The very next day, IBM completed its acquisition of DataStax. IBM announced the February deal that would allow it to process and manage unstructured data prior to feeding it into its AI platform.

BAD ADVICE

These deals show how important it is for legacy software companies to control all aspects of the data management process. M&A can be the fastest and most efficient way to do this. They are instead acquiring data specialists who can help them organize, clean and connect data across their entire business, rather than building complex systems from scratch.

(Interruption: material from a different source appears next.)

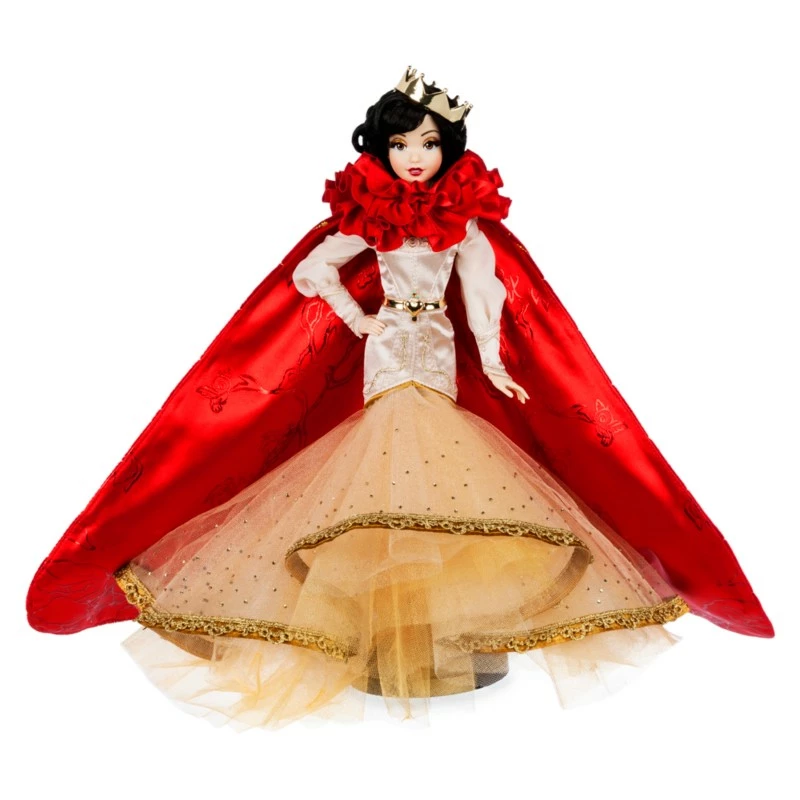 Snow White Ultimate Princess Celebration Limited Edition Doll - Image 2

As was the case last week when Databricks announced its plans to purchase serverless database manager Neon, valued at $1 billion and a leader in AI, data processing, and AI, which was recently appraised at $62 billion.

Dealmakers cautioned that companies cannot just throw any data into an AI system, and expect to get good results. Air Canada was forced to refund airfare after its AI chatbot gave a bad recommendation last year. Tech dealmakers claim that these types of mistakes can occur if unfiltered data of the wrong type is fed into an AI engine.